We have been seeing and hearing swallows occasionally throughout the summer. They fly so quickly, though, that up till now it has been impossible to identify what kind of swallows they are. I had been thinking that they might have been tree swallows because many of them seemed to have white undersides, and I also caught glimpses of blue when they came close enough.
Yesterday and today, though, about fifteen or twenty have been congregating near our house. Every time I stepped outside the door, they seemed to be swooping through the air around my yard. Even whizzing by within ten feet of my head, I still had trouble telling exactly what they were.
Until this morning. Fifteen of these swallows settled nicely in a row on the power line leading right to my front door. For the first time I was able to get a good look without them being in constant motion.
Photo courtesy of my husband, Stephen. Having the zoomed-in picture really helped with identification.

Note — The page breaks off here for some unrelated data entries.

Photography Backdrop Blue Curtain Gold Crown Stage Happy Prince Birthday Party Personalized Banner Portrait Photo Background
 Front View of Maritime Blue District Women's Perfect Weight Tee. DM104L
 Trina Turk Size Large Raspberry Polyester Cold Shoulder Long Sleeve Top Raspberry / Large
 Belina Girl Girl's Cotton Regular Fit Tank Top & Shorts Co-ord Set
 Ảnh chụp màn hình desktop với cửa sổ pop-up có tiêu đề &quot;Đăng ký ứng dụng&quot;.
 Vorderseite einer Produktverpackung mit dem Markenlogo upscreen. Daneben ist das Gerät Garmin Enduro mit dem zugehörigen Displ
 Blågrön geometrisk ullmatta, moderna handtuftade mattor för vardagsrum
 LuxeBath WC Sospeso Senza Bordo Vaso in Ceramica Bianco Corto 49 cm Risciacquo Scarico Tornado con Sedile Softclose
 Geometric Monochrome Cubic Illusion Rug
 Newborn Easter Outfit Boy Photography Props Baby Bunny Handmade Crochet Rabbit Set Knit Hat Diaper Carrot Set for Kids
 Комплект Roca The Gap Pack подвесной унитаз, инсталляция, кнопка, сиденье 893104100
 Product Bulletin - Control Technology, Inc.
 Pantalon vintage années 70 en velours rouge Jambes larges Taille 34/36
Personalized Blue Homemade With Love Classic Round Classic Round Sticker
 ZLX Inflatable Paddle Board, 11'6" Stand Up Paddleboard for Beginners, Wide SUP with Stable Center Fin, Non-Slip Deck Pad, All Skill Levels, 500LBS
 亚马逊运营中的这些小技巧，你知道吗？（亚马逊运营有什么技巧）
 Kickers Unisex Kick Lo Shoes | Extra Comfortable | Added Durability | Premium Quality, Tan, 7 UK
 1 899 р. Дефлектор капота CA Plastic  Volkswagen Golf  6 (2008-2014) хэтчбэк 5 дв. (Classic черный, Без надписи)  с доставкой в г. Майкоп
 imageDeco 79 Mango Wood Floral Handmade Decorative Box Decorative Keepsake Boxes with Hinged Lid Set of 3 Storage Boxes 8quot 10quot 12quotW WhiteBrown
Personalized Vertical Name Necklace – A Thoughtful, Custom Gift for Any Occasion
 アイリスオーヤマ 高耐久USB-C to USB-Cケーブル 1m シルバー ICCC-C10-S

I grabbed my Handbook of Nature Study. I looked up tree swallows, and was excited to see that it said that tree swallows often congregate in early August before heading south. However, I saw almost immediately that these were not tree swallows, as they had a "collar" which tree swallows do not have. Also, a few of the swallows had more of a rusty-coloured underside. That made me think of barn swallows. But why did so many have white undersides?
I looked up barn swallows at allaboutbirds.org. One of the nice things about this website is that it usually has pictures of male, female, and juvenile birds. In this case, female and juvenile birds both have whiter undersides than the males. I believe the bird in the middle of the picture above is a male, and the other two are females. There were also several less sleek, more fluffy-looking birds, and I think those must have been younger birds. The "typical song" also confirmed the identification. These birds always seem to be twittering.
I am so glad to have finally figured out what type "our" swallows are!
I think the one on the left is a juvenile, with an adult female on the right.